Physiquement, Benoît LeBlanc ressemble à Gérard Pierron, ce qui n’est pas pour nous déplaire tant nous avons le troubadour français tatoué au cœur depuis si longtemps. Sa famille artistique semble pencher vers les Richard Desjardins, Julos Beaucarne ou Félix Leclerc, des bardes de la puissante tradition de la chanson poétique
En écoutant l’art de LeBlanc, on songe aux vieux mots de Vigneault, aux chansons qui grattent la gorge de Michel Garneau (dont on attend toujours une réédition cd de son vieux microsillon)… Benoît, lui, poursuit le travail, il le perpétue patiemment, à contre-courant d’une époque pressée.
Il prend son temps pour enregistrer ses opus, seulement quatre depuis 1995. Le cinquième vient de paraître, titré comme on tend la main : «Le pain, le pays, la paix». Il demande de se laisser apprivoiser. 21 titres, près de 70 minutes.
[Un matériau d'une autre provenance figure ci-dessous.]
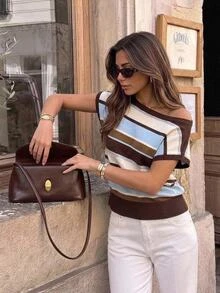 Serisse Women's Brown Stripe Asymmetrical Shoulder Colorblock Casual French Daily Knit Top, Classy Preppy Style Paris Brunch Backto School Fall Vacation - Multicolor - View 2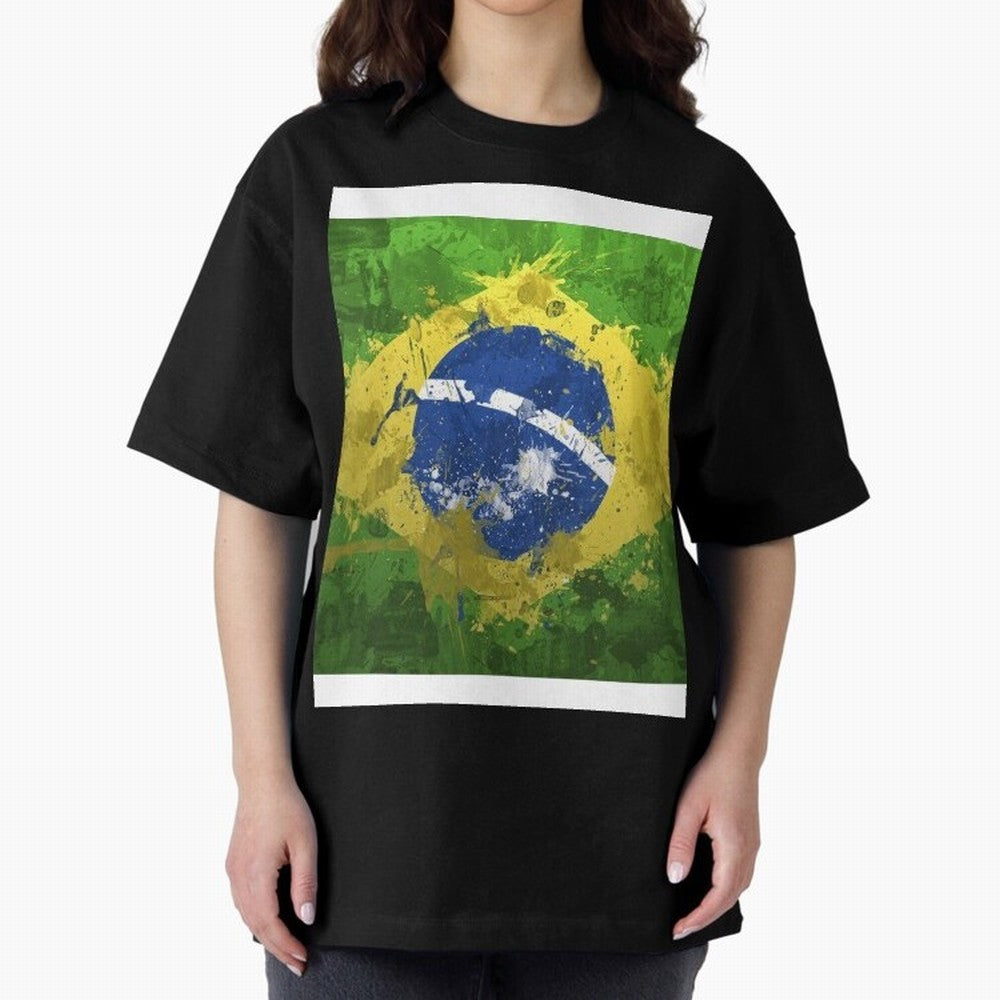 Brasilian Flag Face Mask Graphic T-Shirt Show Passion for the Stars of Global Football Passion for FIFA World Cup 2026, Capturing Messi, Argentina and Brazil, Game Day Rituals, Football Legends, Country Pride and the Road to the Final; Made for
On nous y convie par un bel objet cartonné, avec en couverture ce qui pourrait être une guitare percée d’un soleil.
À l’instar de Marc Robine, LeBlanc joue du dulcimer et colporte de vieux chants. Le Montréalais chante même du Rutebeuf. On croise trouvère, griot et ribauds. Le bon maître François (Villon) doit cheminer dans les parages.
On le perçoit, la cartographie chansonnière et poétique de LeBlanc appartient aux siècles passés. On appréciait ce décalage chez Brassens, et c’est la même histoire ici. On laisse notre cœur battre la chamade devant ces airs aux couleurs anciennes.
L’album aurait pu être resserré un peu, expurgé des poèmes dits et des morceaux «humoristiques» ou contestataires. Mais sinon, chacun peut y faire son marché et reviendra avec une musette gorgée de belles chansons à transmettre de génération en génération, comme ces sommets Pour ne rien perdre de l’été, accompagnée d’une vielle à roue, et L’orphelin, avec orgue et accordéon.
Pierre Mac Orlan aurait lui aussi apprécié la finesse de Benoît LeBlanc.